→ WORK ORDER: Output must consist only of the lines of the material below from the one with "Warm grey bouclé" through the one with "A hotel room", each reproduced exactly; no pictures belong in it.

→ GIVEN RECORDS:
[Start of section]
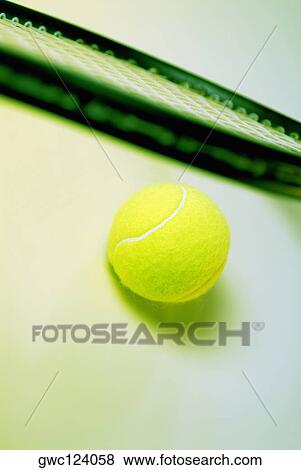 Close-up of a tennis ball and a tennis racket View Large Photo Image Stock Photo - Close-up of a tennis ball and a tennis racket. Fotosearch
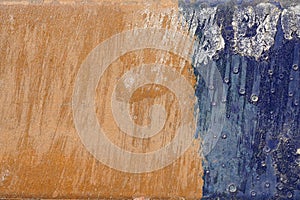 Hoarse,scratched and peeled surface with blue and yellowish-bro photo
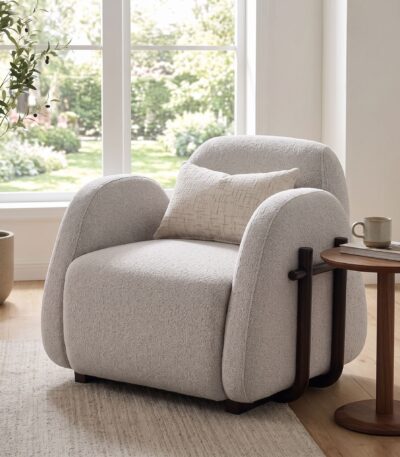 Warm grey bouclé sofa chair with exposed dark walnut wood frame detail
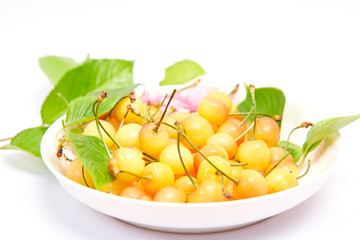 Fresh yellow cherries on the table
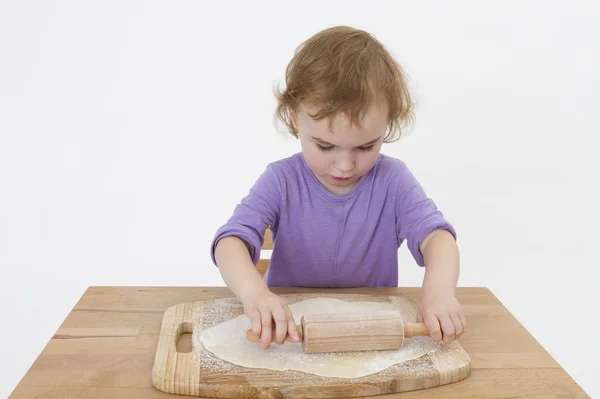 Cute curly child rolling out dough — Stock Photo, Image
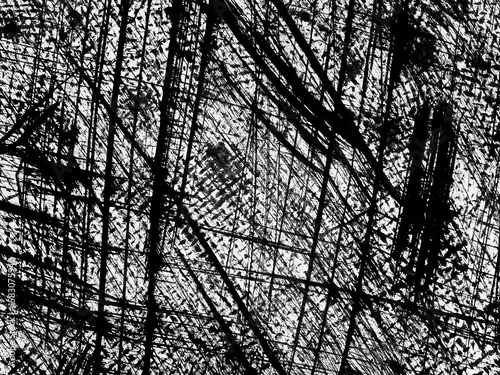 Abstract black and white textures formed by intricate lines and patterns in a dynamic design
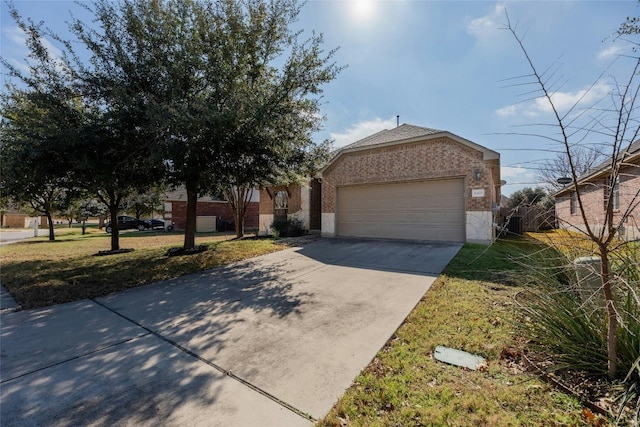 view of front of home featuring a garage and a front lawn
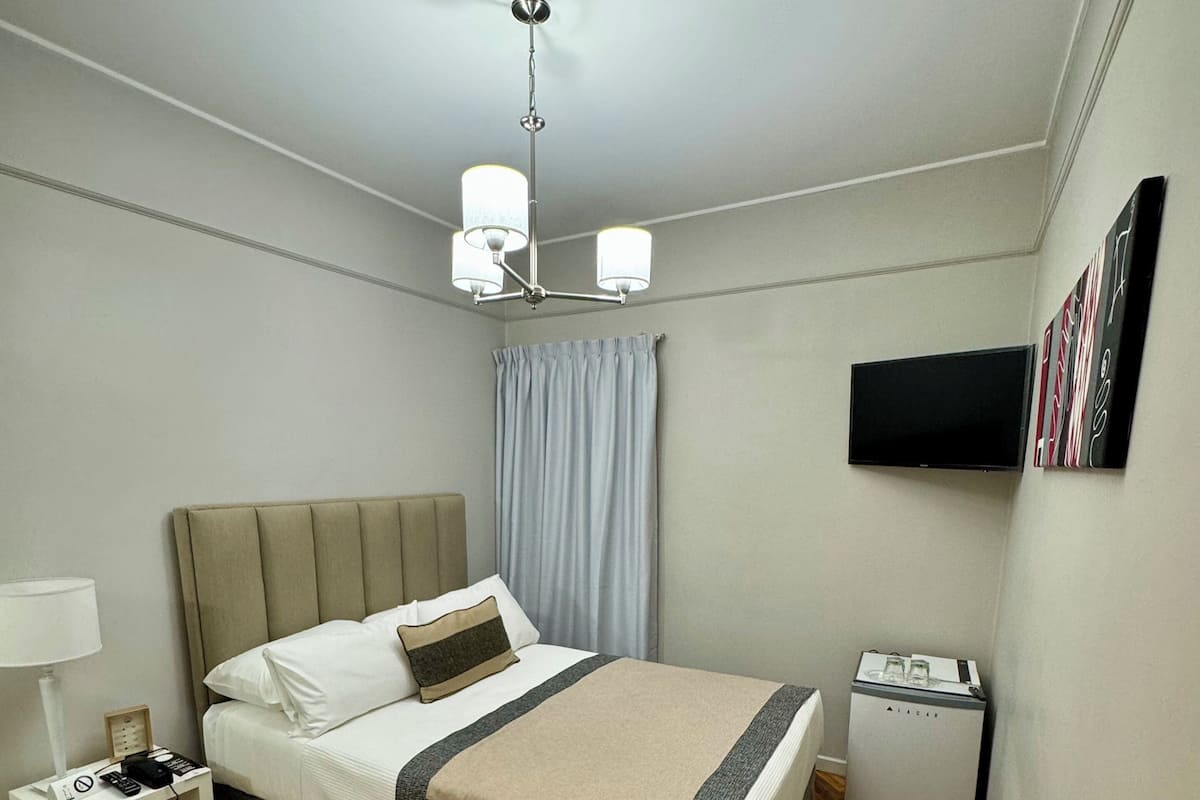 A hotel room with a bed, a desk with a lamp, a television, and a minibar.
[End of section]
[Start of section]
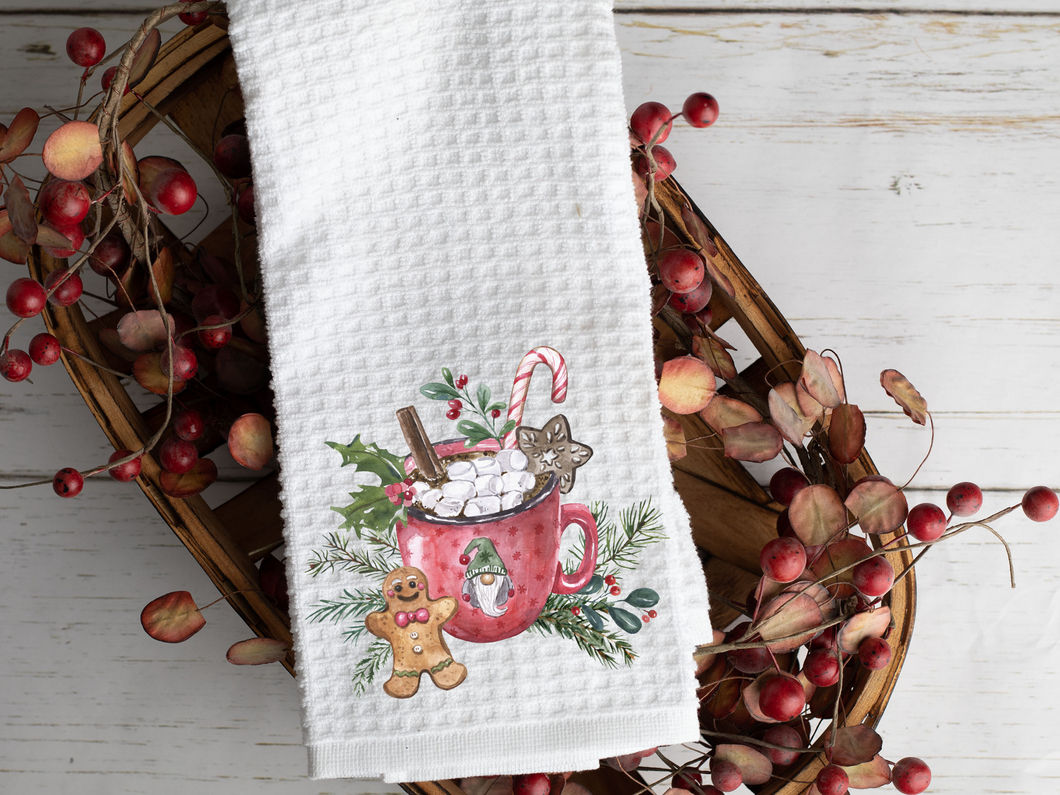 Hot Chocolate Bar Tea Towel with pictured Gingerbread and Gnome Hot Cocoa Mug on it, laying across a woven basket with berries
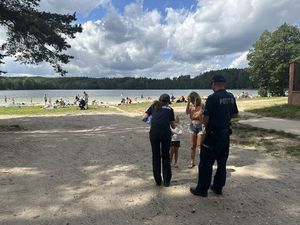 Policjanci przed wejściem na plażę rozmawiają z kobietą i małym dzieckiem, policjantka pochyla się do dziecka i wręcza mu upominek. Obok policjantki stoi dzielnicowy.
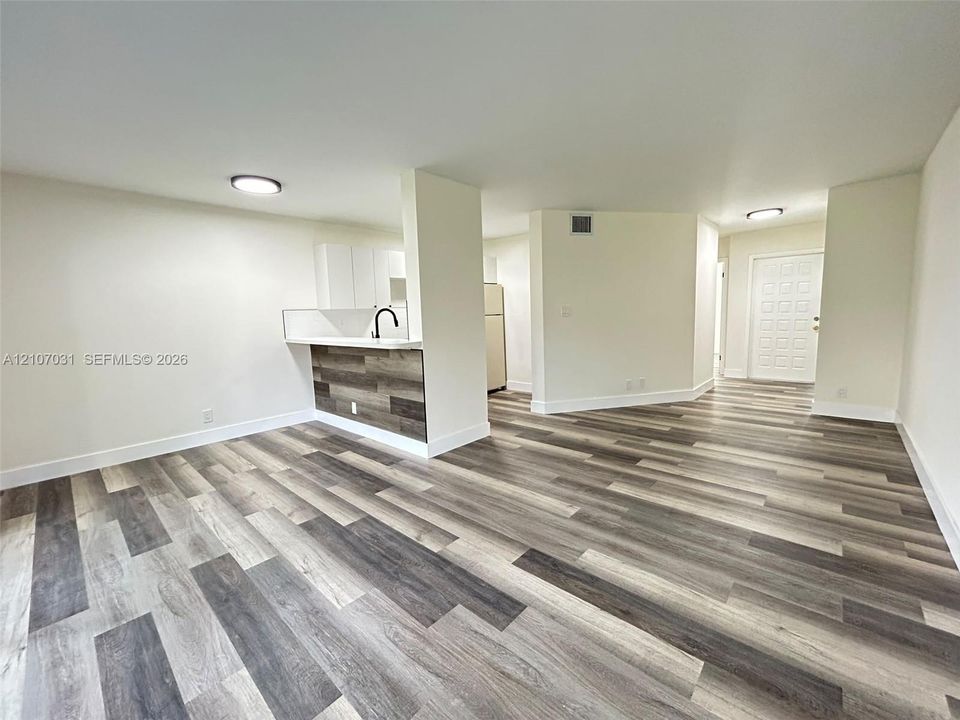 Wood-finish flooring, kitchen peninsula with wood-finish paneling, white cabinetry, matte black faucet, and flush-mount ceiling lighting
[End of section]
[Start of section]
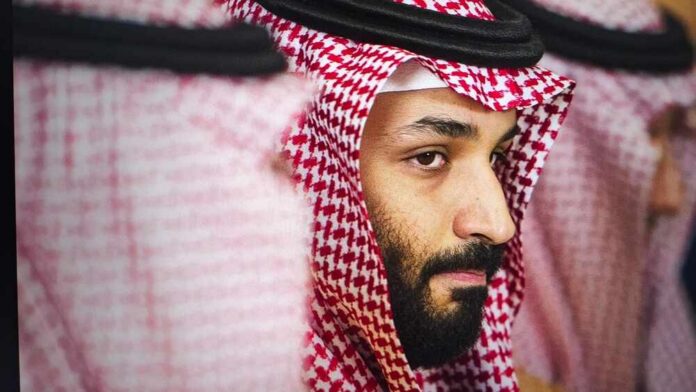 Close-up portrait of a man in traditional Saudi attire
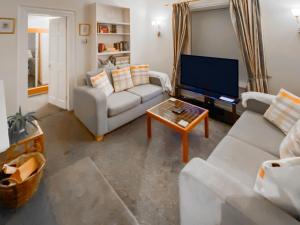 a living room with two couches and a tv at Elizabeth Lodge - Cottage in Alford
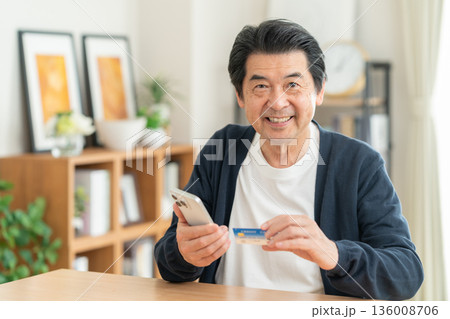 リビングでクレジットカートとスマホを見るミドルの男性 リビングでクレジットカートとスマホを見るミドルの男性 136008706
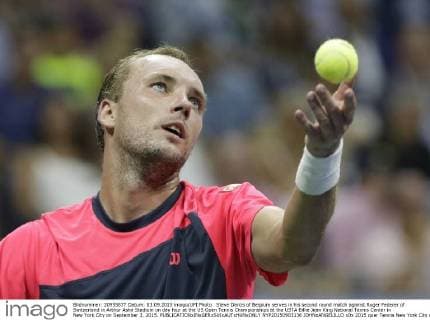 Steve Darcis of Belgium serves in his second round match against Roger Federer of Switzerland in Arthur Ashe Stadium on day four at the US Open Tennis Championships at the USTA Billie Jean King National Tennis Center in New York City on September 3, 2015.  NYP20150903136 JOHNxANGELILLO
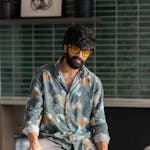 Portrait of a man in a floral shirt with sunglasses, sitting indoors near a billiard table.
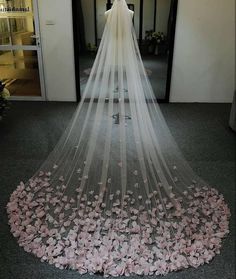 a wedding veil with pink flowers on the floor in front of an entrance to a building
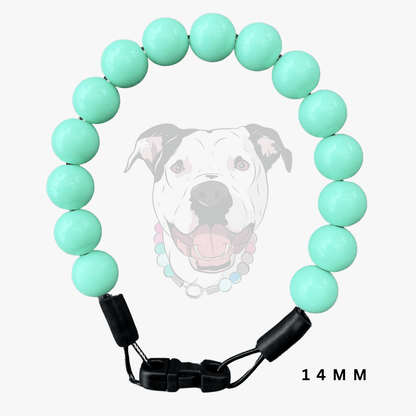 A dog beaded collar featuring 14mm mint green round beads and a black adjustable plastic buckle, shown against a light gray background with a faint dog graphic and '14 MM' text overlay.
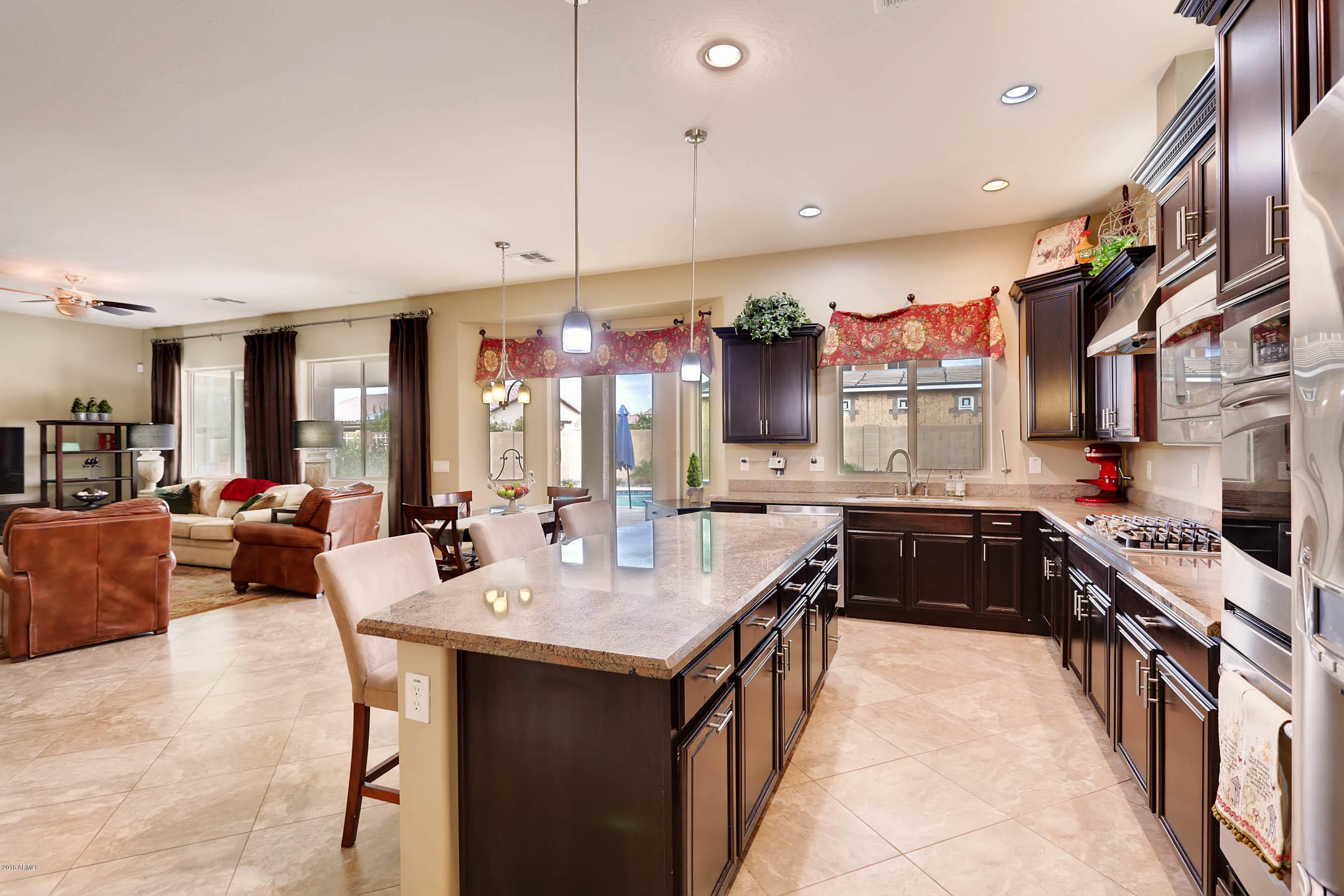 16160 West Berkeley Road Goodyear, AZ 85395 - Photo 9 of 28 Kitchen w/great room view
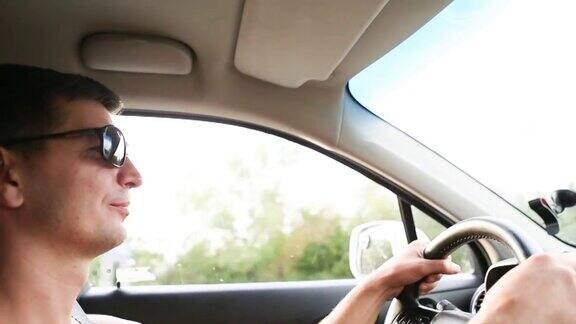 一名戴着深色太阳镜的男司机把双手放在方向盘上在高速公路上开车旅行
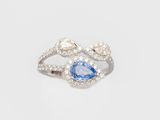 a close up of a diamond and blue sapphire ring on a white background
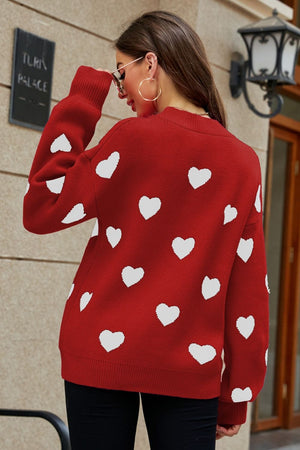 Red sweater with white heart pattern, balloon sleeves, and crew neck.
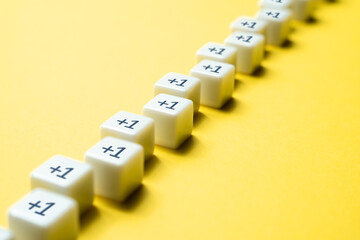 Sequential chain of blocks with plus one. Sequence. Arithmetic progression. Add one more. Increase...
[End of section]
→ RESULT FOR THIS TASK:
 Warm grey bouclé sofa chair with exposed dark walnut wood frame detail
 Fresh yellow cherries on the table
 Cute curly child rolling out dough — Stock Photo, Image
 Abstract black and white textures formed by intricate lines and patterns in a dynamic design
 view of front of home featuring a garage and a front lawn
 A hotel room with a bed, a desk with a lamp, a television, and a minibar.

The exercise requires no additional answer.